The CLARREO breakthrough in decadal climate change observations is to achieve the required levels of accuracy and traceability to SI standards for a set of observations sensitive to a wide range of key decadal change variables. The required accuracy levels are determined so that climate trend signals can be detected against a background of naturally occurring variability. Climate system natural variability therefore determines what level of accuracy is overkill, and what level is critical to obtain.  In this sense the CLARREO mission requirements are considered optimal from a science value perspective.  The accuracy for decadal change traceability to SI standards includes uncertainties associated with instrument calibration, satellite orbit sampling, and analysis methods. Unlike most space missions, the CLARREO requirements are judged not by the instantaneous accuracy of the measurements, but by accuracy in the large time/space scale averages that are key to understanding decadal changes.
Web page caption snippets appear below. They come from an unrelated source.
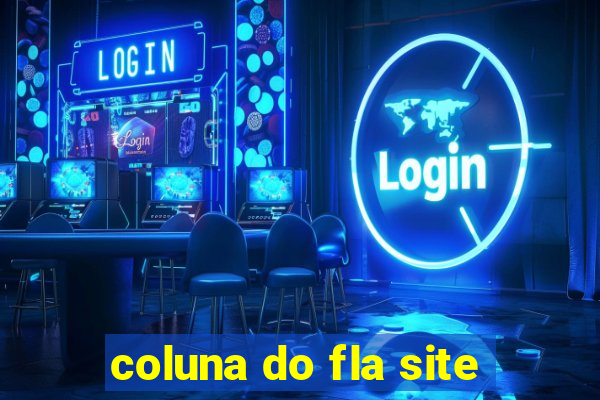 coluna do fla site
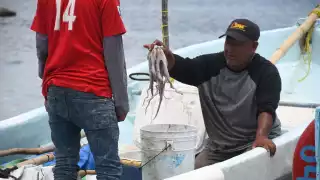 Pesca yucateca muestra signos de recuperación tras la temporada de pulpo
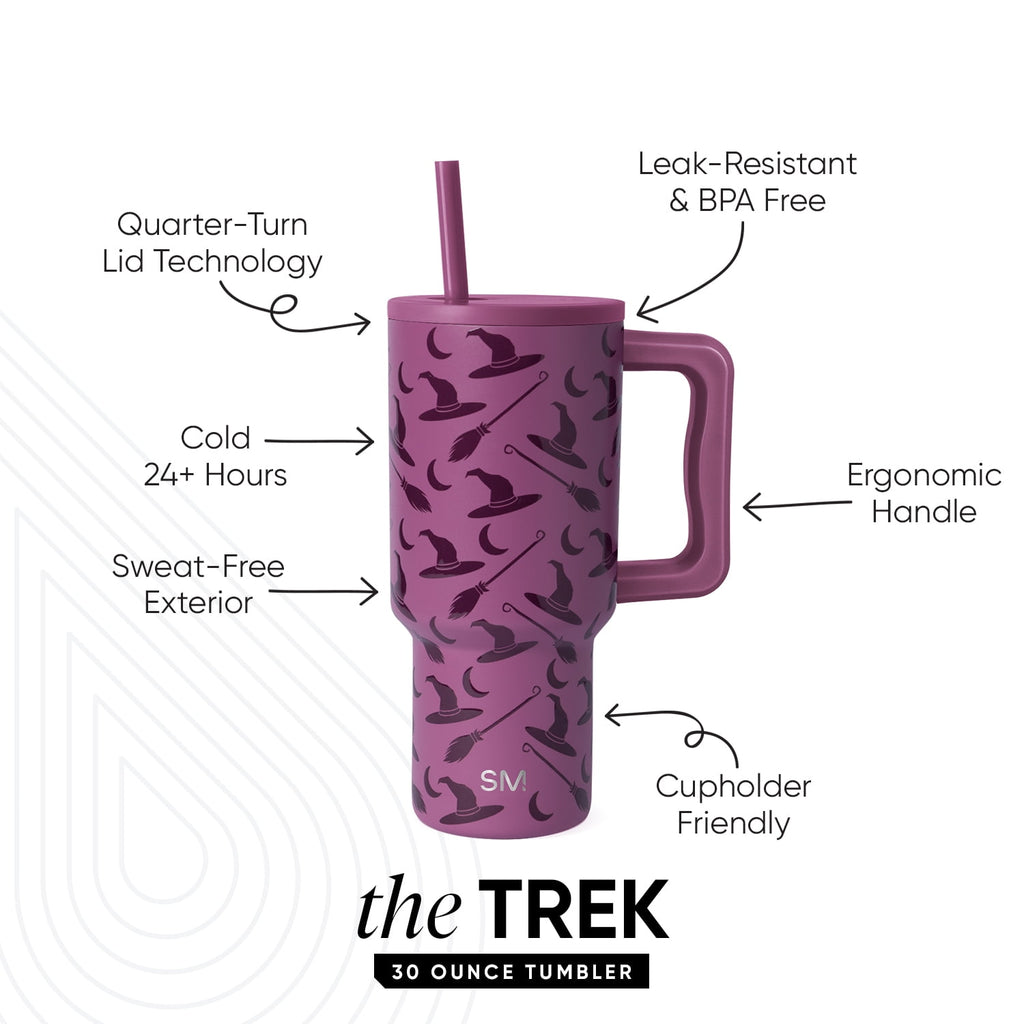 Simple Modern 30 fl oz Insulated Stainless Steel Trek Tumbler with Straw Lid | Seaglass Sage and Cream Checkmate C690C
The NRC Decadal Survey concluded that the single most critical issue for decadal change observations was their lack of accuracy and low confidence in observing the small but critical climate change signals. CLARREO is the recommended response to this challenge, and builds on the last decade of climate observation advances in the Earth Observing System, advances in on-orbit testing and verification standards, as well as metrological advances at National Institute of Standards and Technology (NIST) and other standards laboratories.

The presentation will summarize the planned CLARREO observations, science objectives and requirements.  The approach includes a dual strategy to provide climate change benchmarks directly from time/space averaged CLARREO observations including the use of optimal spectral fingerprinting, as well as to serve as a set of reference spectrometers in orbit capable of improving the calibration of other weather and climate sensors. 
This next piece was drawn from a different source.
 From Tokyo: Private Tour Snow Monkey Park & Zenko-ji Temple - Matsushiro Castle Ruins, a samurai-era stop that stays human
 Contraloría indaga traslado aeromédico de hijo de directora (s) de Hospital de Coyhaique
The CLARREO observations include a nadir viewing infrared interferometer covering the spectral region of 200 to 2000 cm-1, with 1 cm-1 spectral resolution, and radiance accuracy with an expanded uncertainty on orbit of 0.07K (95% confidence bound, or k=2).  Note that "expanded uncertainty" is the NIST recommended term used to quantitatively define measurement uncertainty (see NIST technical note 1297 for details).  A unique feature of the infrared interferometer is the inclusion of on-orbit absolute standards to directly verify performance, rather than depend on assumed stability.  The mission also includes a reflected solar spectrometer, pointed by a two-axis gimbal, covering the spectral region from 320 to 2300 nm, with 4 nm spectral sampling, and nadir reflectance accuracy with a relative expanded uncertainty of 0.3% (95% confidence bound).  The solar spectrometer will be capable of pointing to the moon and sun for calibration, as well as tracking time/angle/space-matched observations when used for Reference Intercalibration of other radiometers such as CERES or VIIRS.   Finally, the observations include radio occultation receivers and antennas to allow use of both the GPS and Galileo Global Navigation Satellite Systems.   
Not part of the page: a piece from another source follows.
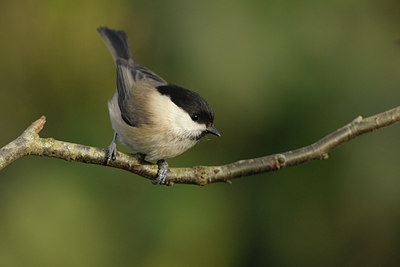 BUITEN BEELD Foto: 146345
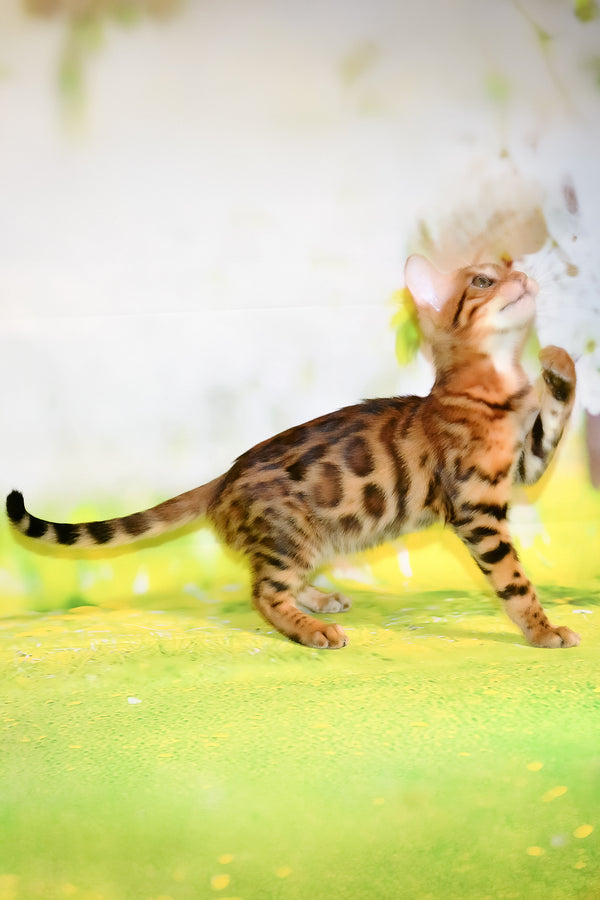 Francis | Bengal Kitten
The CLARREO mission is planned for two 90 degree polar orbits to enable global sampling of the nadir infrared and reflected solar spectra, sampling of the complete diurnal cycle every 3 months, and Reference Intercalibration sampling in all climate regimes and orbit conditions from equator to pole.  The orbit sampling has been shown to meet the CLARREO mission accuracy requirements for global and zonal space scales, as well as seasonal and annual time scales.